The aims of this study were to evaluate (1) how neurovascular injuries during fixation can be prevented and (2) whether a lateral hinge–directed fixation system provides comparable neurovascular safety to conventional and custom-made locking plate systems. Our hypothesis was that laterally directed fixation would provide more safety to neurovascular structures than would posterolaterally directed fixation.

Methods

Patients

After receiving institutional review board approval for the study protocol, we retrospectively reviewed 316 knees that underwent OWHTO from March 2014 to May 2018. The study inclusion criteria were as follows: (1) medial unicompartmental osteoarthritis, (2) genu varus deformity of the lower limb, and (3) completed immediate postoperative computed tomography (CT). The exclusion criteria were as follows: (1) revision OWHTO (3 knees); (2) double osteotomy, including distal femoral osteotomy (7 knees); and (3) simultaneous ligament reconstruction that required concomitant sagittal plane modification (5 knees). After 15 knees were excluded, a total of 301 knees were included. Among them, the knees without completed serial radiological and clinical assessments over a postoperative period of at least 2 years were excluded. Ultimately, 275 knees were included (Figure 1).

Figure 1.

Flowchart of patient enrollment. HTO, high tibial osteotomy; OWHTO, opening-wedge high tibial osteotomy.

The study patients were divided into 4 groups based on the type of fixation system used, as follows. Each plate had different fitting contours and locking screw directions.

LCfit group: Laterally directed hinge system with an inverted L-shaped plate anatomically contoured to the postcorrection tibia (LCfit HTO system; Corentec)

TDM group: TDM decisive wedge locking plate

OhtoFix group: OhtoFix anatomic locking metal block plate

TomoFix group: TomoFix titanium locking plate

These 4 fixation systems had been used sequentially in our practice. We used the TDM plate from March 2014 to March 2015, OhtoFix plate from April 2015 to May 2016, TomoFix plate from June 2016 to May 2018, and LCfit plate from February 2017 to May 2018.

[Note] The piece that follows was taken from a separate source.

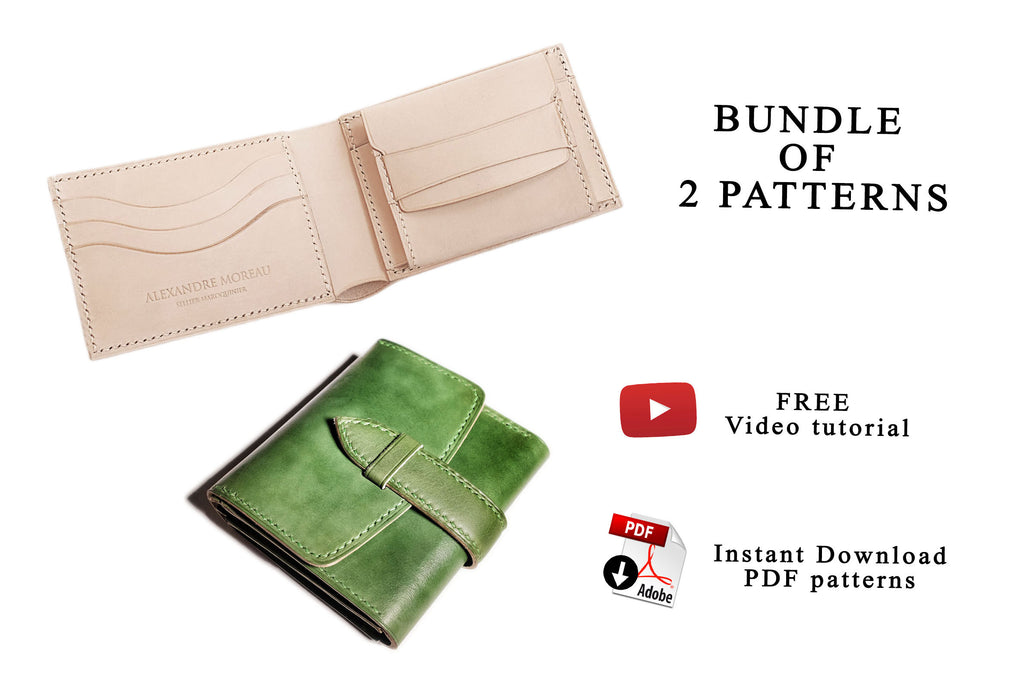 2 WALLETS BUNDLE - PDF patterns + video tutorial – AM leathercraft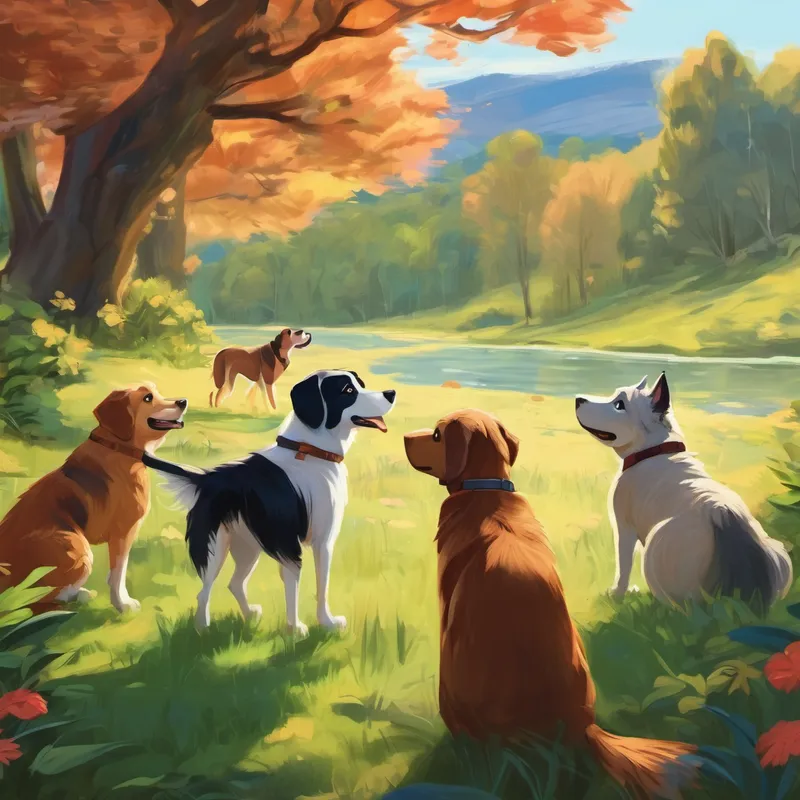 Perrita mirando a sus amigos de diferentes especies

Surgical Technique and Rehabilitation Protocol

All surgical procedures were performed by a single senior surgeon (Y.S.L.). The surgical procedures did not differ according to the fixation system used. An incision was made longitudinally 1 cm anterior to the posteromedial border of the tibia. The superior border of the pes anserinus was incised, and the superficial medial collateral ligament was mobilized from the tibia and released using a periosteal elevator. Under the C-arm image, a protective cutting system (Tradimedics and Corentec) was applied to the lateral cortical hinge located just below the tip of the fibular head. Osteotomy was performed from the medial to lateral side until it reached just 5 to 10 mm before the lateral cortex.¹⁴ Next, the osteotomy site was distracted in accordance with the preoperative planning, and the plate was positioned at the central portion of each fragment, with best contouring with knees in 90° of flexion, if possible. After the plate was positioned, screw fixation was performed. The degree of distraction was adjusted to the most posterior side, and the gap ratio (anterior/posterior) was adjusted to around two-thirds ratio by compressing the anterior gap.¹²

Isometric quadriceps exercises and continuous passive motion exercises were initiated on the first postoperative day. Partial weightbearing with crutches was permitted during the first 2 postoperative weeks, and full weightbearing as tolerated was permitted after postoperative week 2. Crutches were used 6 weeks postoperatively. Stair-climbing and sudden standing from the sitting position were prohibited during the first 3 months postoperatively, if possible.¹⁸

Evaluations

All measurements were performed using INFINITT Version 5.0.9.2 (INFINITT). Preoperative magnetic resonance imaging (MRI) and postoperative CT scans without enhancements were performed with full extension of knees. CT scanning (SOMATOM Definition [Siemens]; MX8000, Brilliance 64, Brilliance iCT [Philips]) of the osteotomized knees was performed on the first or second postoperative day. Radiologic and clinical evaluations were performed at every visit to the outpatient clinic. The whole lower extremity, weightbearing anteroposterior (AP), and lateral radiographic views, and CT scans of all enrolled participants were analyzed.

Two observers (S.J.S. and H.W.J., both orthopaedic fellows) performed the quantitative evaluation, and interobserver and intraobserver reliability were assessed for all quantitative measurements. For intraobserver reliability, measurements were performed 2 times with a 6-week interval between.

Analysis of Neurovascular Safety

Using postoperative CT scans, the screw angle, length, proximity to neurovascular structures, and safety angle of screw fixation were evaluated and compared among the 4 groups.

The screw angle was measured from the proximal tibia using axial CT images at the most proximal screw level. A line crossing the proximal center screw of the plate was drawn, and a second line crossing the posterior cortex was drawn. The screw angle was measured between the 2 lines (Figure 2). Further, screw length was determined intraoperatively as the length of the proximal center screw because it indicated the longest length in most fixations (Figure 3). To assess neurovascular proximity, preoperative MRI scans were used to localize the neurovascular structures on CT images.

Figure 2.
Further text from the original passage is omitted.